David Newton, technical manager at Timac Agro UK, advises growers to plan ahead to get the crop off to the best start by ensuring maize is supplied with the right nutrition within a tight window.

“Current market conditions present maize growers with the perfect opportunity to produce a high value cash crop,” says Mr Newton. 

“However, to make sure this is seen in the clamp come autumn, growers can’t rest on their laurels and need to ensure they drill in the right conditions and feed the crop at the right time.

“Maize is a deep-rooting plant, so it needs the best possible seedbed to effectively establish its roots,” says Mr Newton.  

Early establishment

He adds that to give the crop the best chance of early establishment, it is important to ensure the seed is placed in moist soil and drilling depth needs to be adjusted accordingly.

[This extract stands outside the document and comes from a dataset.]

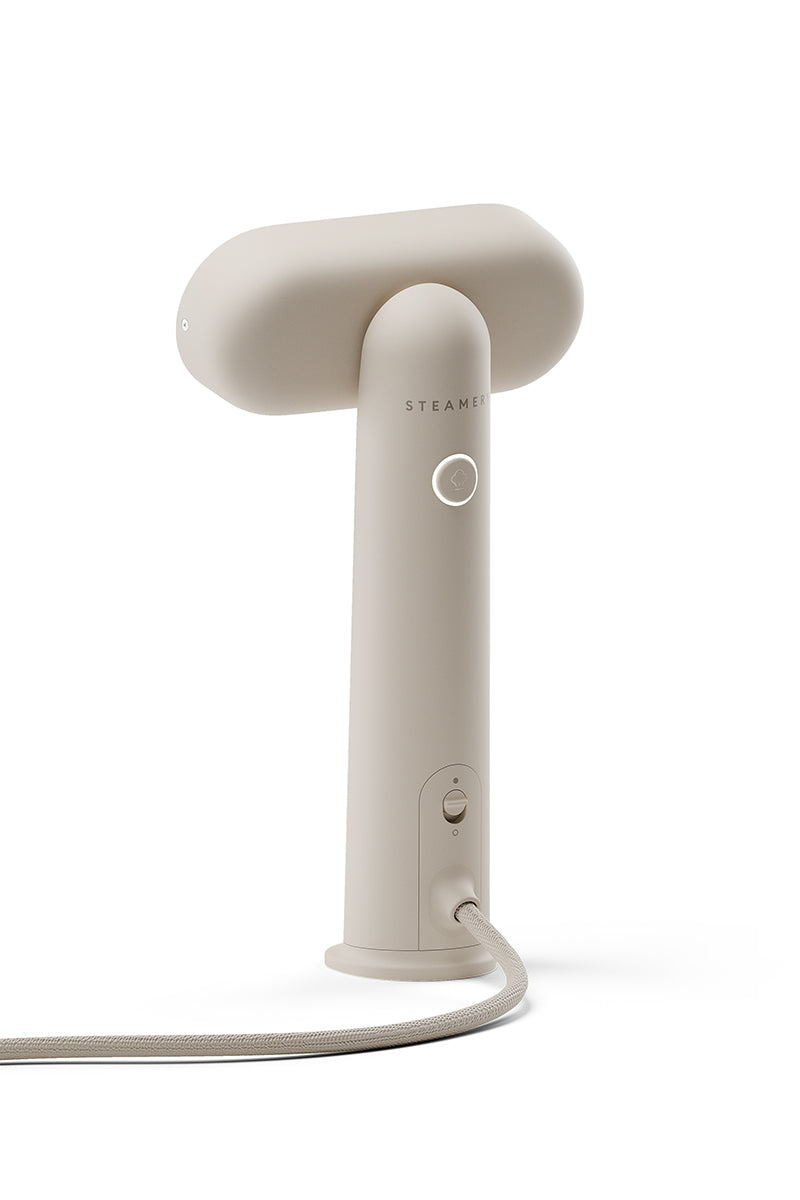 Ein beiges tragbares Dampfglätter von Steamery mit einem T-förmigen Oberteil, einem runden Einschaltknopf, einer kleinen Kontrollleuchte und einer stoffbezogenen Kordel an der Basis. Dieser minimalistische Kleidungsdampfer steht aufrecht auf einem weißen Hintergrund mit einem modernen Design.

“When drilling maize, the soil temperature should be 10˚C at 10cm deep, to provide a warm environment for the seeds to thrive,” explains Mr Newton. He adds that maize can be drilled into the soil at a depth ranging from 25mm to 100mm. 

“Those with drier soils should aim to drill deeper, whereas wetter soils can afford to be drilled closer to the surface.”

To continue to encourage growth in the first few weeks, he adds it is important to assess the necessary inputs needed for the crop to flourish.

“The nutritional requirements of maize can largely be met by applying a starter fertiliser, such as Physiostart, in conjunction with farm manure to supply essential phosphate and potash, with a top up of nitrogen once the crop is away. Manure should be tested before application to gain an exact understanding of the nutrients that are being applied in order to tailor any further inputs that may be required.

“It’s important to fully understand the needs of the crop; there’s a misconception that maize demands a lot of phosphate in its infancy, but an excessive supply of freely available phosphate too early on can actually hinder root establishment.

“Highest demand is from 8 leaves to tasselling and manure applications can often meet the crops phosphate needs, as nutrients are slowly released throughout the growing season.

“Maize is going to be a highly sought-after crop this year, so I’d encourage all growers to pay attention to detail in the run up to planting and during early establishment to maximise yields,” Mr Newton concludes.